* [DATA TO PROCESS]
--- START ---
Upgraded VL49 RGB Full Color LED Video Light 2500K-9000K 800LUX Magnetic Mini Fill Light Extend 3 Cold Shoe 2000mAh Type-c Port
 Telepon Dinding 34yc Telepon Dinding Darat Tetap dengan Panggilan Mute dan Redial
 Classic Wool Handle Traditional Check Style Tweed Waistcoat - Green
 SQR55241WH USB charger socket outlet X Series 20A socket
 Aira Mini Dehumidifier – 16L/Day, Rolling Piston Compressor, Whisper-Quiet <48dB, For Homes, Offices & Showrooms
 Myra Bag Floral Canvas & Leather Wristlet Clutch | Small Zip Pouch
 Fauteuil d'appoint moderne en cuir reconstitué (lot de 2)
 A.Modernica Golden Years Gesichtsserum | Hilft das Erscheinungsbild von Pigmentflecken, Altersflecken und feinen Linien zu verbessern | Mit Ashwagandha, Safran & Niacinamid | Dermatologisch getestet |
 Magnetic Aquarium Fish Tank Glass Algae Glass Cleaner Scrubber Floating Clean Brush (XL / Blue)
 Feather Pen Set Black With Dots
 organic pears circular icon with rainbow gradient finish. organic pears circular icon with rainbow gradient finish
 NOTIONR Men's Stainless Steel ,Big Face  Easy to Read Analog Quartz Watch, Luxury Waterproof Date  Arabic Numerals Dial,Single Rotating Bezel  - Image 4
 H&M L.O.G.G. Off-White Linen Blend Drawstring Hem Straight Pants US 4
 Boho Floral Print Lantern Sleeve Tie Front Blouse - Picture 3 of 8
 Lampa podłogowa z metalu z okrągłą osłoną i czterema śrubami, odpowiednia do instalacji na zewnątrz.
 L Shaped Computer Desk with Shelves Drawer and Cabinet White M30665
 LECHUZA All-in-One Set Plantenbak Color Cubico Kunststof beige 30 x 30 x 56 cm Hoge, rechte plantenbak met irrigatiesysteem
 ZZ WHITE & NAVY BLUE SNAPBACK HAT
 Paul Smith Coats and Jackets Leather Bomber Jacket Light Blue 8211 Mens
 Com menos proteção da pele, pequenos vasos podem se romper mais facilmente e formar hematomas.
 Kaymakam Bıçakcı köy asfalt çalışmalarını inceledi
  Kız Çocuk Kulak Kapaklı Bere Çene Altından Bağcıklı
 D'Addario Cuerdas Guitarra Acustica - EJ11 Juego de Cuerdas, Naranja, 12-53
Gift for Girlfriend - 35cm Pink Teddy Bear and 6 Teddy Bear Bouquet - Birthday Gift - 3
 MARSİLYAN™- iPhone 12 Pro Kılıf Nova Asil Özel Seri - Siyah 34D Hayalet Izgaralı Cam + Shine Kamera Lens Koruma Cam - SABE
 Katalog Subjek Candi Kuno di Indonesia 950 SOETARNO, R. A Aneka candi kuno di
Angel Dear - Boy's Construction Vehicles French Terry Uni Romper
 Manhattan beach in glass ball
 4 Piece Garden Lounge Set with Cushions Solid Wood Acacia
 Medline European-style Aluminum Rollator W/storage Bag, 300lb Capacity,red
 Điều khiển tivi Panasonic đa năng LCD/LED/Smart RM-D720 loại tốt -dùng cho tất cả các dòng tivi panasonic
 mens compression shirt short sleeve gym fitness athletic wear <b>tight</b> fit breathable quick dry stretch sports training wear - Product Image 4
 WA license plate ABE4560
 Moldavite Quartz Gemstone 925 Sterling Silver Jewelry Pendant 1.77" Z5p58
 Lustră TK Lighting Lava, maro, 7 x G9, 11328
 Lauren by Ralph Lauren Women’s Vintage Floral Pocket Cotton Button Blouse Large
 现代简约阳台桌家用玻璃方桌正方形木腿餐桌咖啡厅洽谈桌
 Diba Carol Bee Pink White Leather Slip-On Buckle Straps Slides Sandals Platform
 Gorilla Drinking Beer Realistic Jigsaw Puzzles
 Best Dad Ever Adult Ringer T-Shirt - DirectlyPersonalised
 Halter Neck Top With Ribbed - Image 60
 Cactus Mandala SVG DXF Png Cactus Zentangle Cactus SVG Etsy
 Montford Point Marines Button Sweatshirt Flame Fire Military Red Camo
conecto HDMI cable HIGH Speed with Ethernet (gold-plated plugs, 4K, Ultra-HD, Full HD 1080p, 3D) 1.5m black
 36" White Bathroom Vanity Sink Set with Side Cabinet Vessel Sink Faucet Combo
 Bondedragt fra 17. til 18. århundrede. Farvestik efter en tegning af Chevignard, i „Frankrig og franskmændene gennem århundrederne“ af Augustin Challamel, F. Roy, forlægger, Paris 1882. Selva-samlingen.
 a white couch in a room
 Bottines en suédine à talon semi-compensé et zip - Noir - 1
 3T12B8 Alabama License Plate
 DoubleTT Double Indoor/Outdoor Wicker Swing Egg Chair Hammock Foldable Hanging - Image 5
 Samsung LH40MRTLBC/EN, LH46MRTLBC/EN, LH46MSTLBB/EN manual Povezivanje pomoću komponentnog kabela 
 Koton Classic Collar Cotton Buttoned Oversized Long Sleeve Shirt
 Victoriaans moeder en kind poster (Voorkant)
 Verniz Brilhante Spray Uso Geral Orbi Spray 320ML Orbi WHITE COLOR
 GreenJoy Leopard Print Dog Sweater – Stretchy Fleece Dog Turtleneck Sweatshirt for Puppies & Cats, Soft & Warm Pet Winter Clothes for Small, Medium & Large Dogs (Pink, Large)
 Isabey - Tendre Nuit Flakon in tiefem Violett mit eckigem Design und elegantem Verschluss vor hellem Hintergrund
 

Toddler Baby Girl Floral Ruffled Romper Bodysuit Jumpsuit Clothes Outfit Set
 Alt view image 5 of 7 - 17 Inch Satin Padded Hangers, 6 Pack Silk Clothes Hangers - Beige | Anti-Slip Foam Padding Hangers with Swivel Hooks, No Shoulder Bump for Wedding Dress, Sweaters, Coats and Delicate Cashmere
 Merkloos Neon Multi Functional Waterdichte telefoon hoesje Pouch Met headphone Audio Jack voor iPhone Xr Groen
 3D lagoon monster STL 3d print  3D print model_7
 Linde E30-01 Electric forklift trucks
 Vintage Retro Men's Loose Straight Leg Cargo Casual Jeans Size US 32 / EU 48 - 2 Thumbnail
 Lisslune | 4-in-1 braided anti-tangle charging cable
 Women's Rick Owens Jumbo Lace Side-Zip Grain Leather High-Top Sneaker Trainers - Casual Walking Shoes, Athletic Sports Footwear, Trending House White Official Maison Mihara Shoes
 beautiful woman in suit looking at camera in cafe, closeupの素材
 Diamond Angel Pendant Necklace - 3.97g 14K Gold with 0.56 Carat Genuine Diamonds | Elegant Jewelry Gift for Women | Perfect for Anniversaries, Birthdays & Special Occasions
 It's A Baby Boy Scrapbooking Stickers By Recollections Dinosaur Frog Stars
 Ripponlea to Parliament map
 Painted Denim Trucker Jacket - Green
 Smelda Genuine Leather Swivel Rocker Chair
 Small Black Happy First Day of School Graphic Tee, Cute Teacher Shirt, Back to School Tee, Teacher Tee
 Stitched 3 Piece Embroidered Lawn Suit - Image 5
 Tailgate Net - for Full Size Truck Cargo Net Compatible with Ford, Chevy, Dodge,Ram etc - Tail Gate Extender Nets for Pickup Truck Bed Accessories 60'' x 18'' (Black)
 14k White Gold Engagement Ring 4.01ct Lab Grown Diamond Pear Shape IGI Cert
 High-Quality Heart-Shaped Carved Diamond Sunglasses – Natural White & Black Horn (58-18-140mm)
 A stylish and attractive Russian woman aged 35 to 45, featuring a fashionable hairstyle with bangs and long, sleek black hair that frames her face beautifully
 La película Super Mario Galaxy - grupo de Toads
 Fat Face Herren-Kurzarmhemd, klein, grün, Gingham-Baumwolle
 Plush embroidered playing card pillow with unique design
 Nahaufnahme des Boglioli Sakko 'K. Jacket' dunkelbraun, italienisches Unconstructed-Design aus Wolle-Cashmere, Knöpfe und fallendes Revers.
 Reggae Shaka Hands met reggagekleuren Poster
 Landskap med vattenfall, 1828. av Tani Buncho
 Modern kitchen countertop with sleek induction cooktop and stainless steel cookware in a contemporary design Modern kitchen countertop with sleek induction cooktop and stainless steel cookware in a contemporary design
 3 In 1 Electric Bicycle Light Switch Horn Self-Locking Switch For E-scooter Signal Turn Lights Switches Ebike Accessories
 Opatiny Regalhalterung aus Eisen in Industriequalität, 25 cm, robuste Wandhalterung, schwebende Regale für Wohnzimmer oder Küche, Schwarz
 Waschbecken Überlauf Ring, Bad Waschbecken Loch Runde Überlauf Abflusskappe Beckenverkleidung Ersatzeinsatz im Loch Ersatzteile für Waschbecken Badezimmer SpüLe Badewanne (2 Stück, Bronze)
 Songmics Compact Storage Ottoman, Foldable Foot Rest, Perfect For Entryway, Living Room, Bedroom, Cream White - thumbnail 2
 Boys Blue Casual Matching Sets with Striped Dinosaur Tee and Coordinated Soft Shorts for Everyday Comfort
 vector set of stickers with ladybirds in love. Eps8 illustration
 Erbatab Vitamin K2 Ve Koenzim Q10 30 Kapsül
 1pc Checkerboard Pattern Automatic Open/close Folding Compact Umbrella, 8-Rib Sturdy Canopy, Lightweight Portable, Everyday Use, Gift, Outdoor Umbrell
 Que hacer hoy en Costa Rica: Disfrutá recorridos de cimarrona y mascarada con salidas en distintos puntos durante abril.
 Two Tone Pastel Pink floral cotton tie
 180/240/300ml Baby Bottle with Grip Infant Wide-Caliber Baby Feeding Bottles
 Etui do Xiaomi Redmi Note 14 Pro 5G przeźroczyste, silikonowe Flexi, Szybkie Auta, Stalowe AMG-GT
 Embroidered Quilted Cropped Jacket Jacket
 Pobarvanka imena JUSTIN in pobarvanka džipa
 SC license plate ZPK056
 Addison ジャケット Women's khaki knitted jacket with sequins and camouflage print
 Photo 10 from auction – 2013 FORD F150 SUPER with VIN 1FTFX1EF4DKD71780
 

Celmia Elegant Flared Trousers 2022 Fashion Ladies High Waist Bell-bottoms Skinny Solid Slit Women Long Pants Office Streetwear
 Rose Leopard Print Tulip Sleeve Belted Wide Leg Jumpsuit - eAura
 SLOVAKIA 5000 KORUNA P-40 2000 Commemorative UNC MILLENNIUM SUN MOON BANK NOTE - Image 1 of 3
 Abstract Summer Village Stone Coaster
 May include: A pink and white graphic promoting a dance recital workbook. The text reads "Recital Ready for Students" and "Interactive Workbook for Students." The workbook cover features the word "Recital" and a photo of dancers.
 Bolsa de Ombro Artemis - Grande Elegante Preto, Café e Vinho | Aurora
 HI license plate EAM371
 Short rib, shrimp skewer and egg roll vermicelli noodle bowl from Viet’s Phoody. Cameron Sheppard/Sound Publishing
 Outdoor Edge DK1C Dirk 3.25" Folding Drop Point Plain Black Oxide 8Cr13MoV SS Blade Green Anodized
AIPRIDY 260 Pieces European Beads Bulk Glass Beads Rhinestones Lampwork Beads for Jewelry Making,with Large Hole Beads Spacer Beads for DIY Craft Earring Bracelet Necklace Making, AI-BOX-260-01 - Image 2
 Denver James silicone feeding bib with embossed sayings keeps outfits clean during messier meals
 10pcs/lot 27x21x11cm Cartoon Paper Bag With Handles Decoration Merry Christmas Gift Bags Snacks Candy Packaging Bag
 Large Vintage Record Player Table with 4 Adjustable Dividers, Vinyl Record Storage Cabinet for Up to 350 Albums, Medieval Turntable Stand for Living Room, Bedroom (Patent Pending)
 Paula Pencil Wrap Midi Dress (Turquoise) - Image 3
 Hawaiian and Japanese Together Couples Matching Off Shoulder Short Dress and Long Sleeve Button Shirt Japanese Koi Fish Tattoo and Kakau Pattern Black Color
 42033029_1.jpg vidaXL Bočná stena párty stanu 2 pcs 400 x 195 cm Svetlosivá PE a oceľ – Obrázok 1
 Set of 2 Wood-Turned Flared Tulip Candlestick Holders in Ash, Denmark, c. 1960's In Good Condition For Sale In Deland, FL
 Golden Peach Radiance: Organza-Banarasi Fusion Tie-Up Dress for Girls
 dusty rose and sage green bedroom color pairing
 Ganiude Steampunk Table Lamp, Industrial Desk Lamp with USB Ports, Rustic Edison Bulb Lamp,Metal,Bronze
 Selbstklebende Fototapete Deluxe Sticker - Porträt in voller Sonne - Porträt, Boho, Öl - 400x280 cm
--- END ---
* [TASK STATEMENT] Check each line of the data for the string "Jewelry" and state how many lines contain it, without any other output.

* [TASK ANSWER] 3